> [What is needed]: Reproduce each record verbatim, images excluded.

====== Source material ======

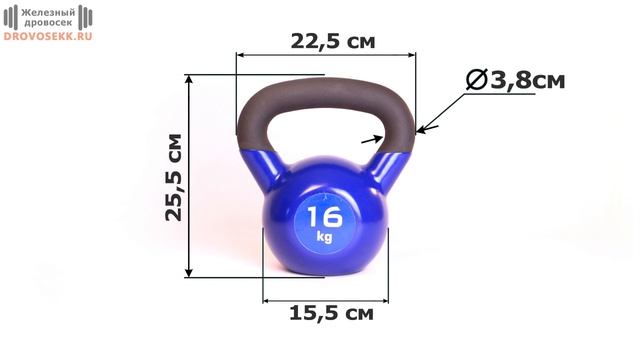 Гиря обрезиненная 16кг HD обзор смотреть онлайн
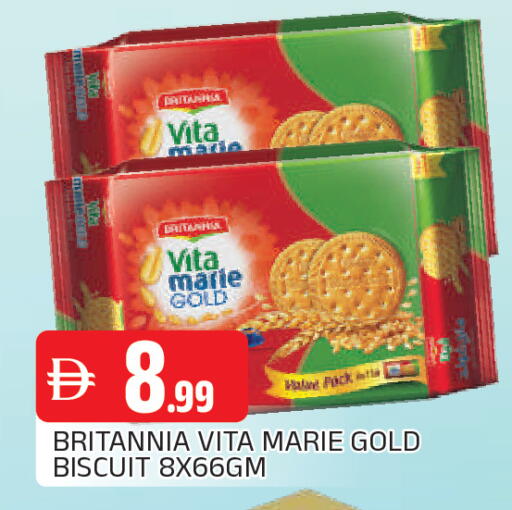 available at المدينة in الإمارات العربية المتحدة , الامارات - الشارقة / عجمان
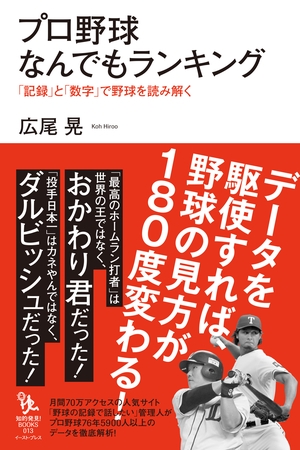 プロ野球なんでもランキング 「記録」と「数字」で野球を読み解く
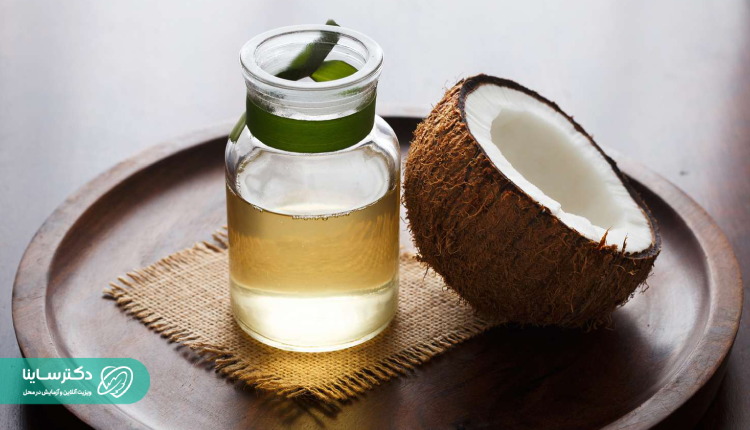 روغن نارگیل برای درمان خانگی عفونت واژن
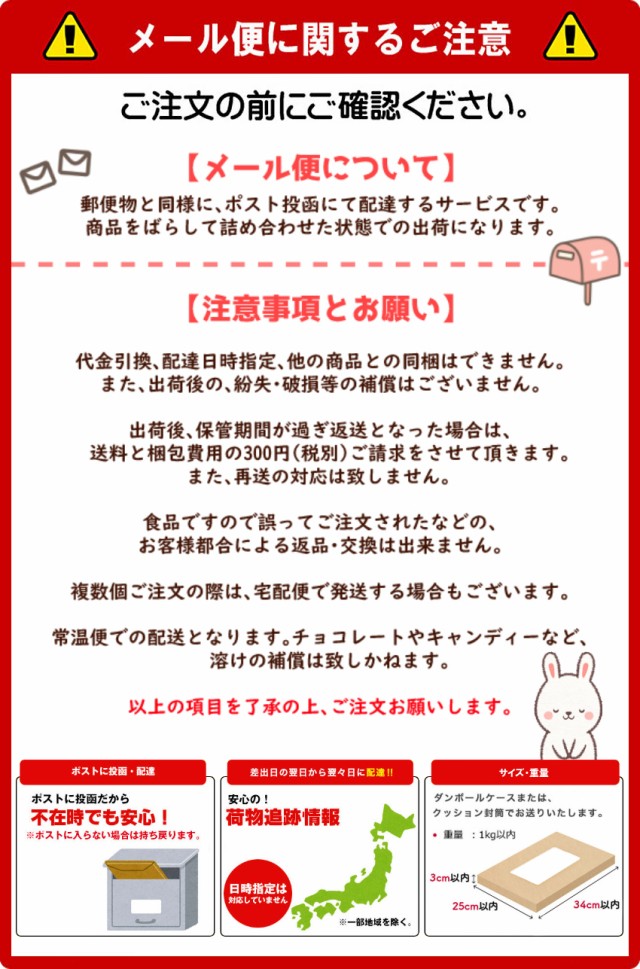 メール便注意事項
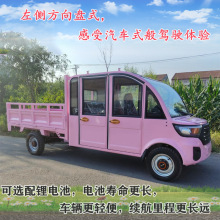 ���˼����d����؛܇Ƥ����݆늄�܇������늃�������Դ늄���݆܇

======

> [Solution to the problem]:
 Гиря обрезиненная 16кг HD обзор смотреть онлайн
 available at المدينة in الإمارات العربية المتحدة , الامارات - الشارقة / عجمان
 プロ野球なんでもランキング 「記録」と「数字」で野球を読み解く
 روغن نارگیل برای درمان خانگی عفونت واژن
 メール便注意事項
 ���˼����d����؛܇Ƥ����݆늄�܇������늃�������Դ늄���݆܇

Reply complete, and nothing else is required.